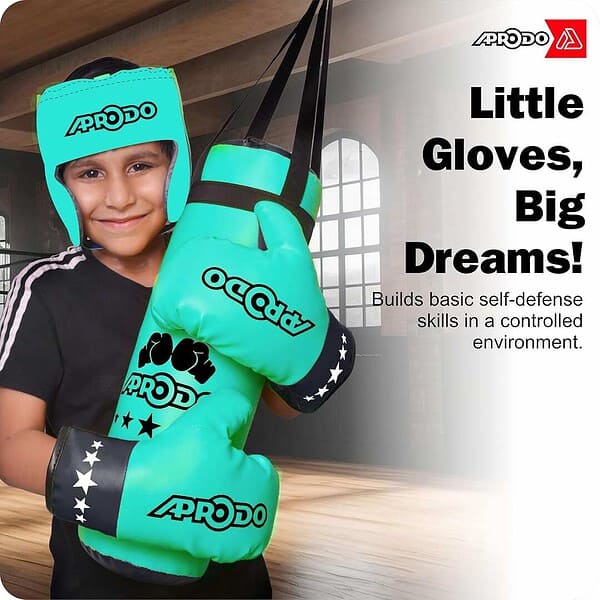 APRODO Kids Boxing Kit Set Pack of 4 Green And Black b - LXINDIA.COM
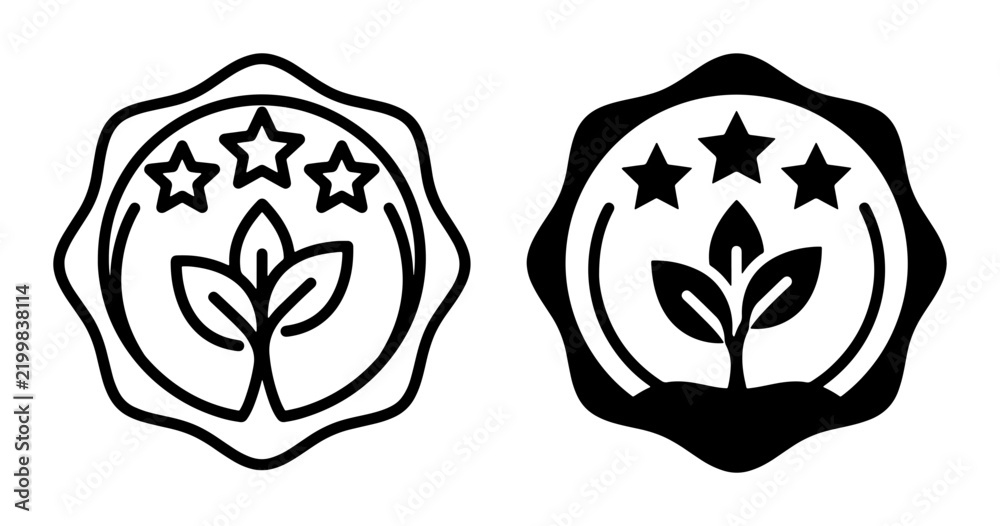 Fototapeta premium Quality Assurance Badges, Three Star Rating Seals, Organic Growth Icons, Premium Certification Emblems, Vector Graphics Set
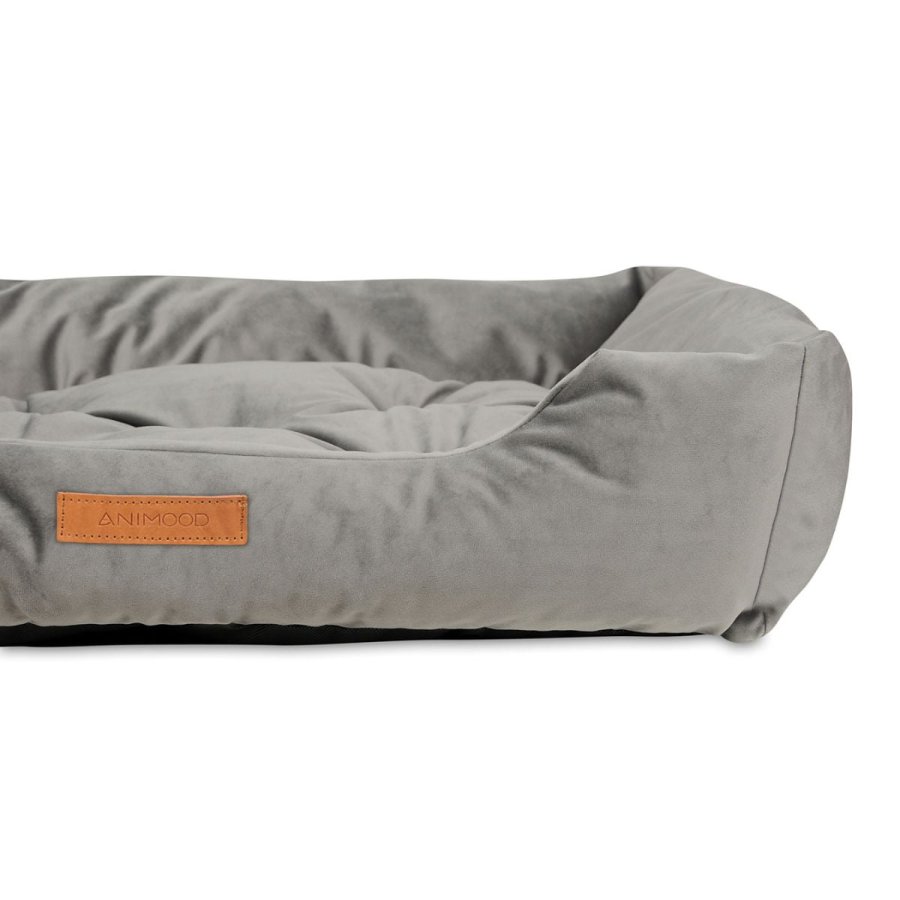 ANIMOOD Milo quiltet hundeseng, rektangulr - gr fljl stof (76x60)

:: What you need to do ::
With pictures excluded, the data must be transcribed in full and to the letter.

:: Response ::
 APRODO Kids Boxing Kit Set Pack of 4 Green And Black b - LXINDIA.COM
 Fototapeta premium Quality Assurance Badges, Three Star Rating Seals, Organic Growth Icons, Premium Certification Emblems, Vector Graphics Set
 ANIMOOD Milo quiltet hundeseng, rektangulr - gr fljl stof (76x60)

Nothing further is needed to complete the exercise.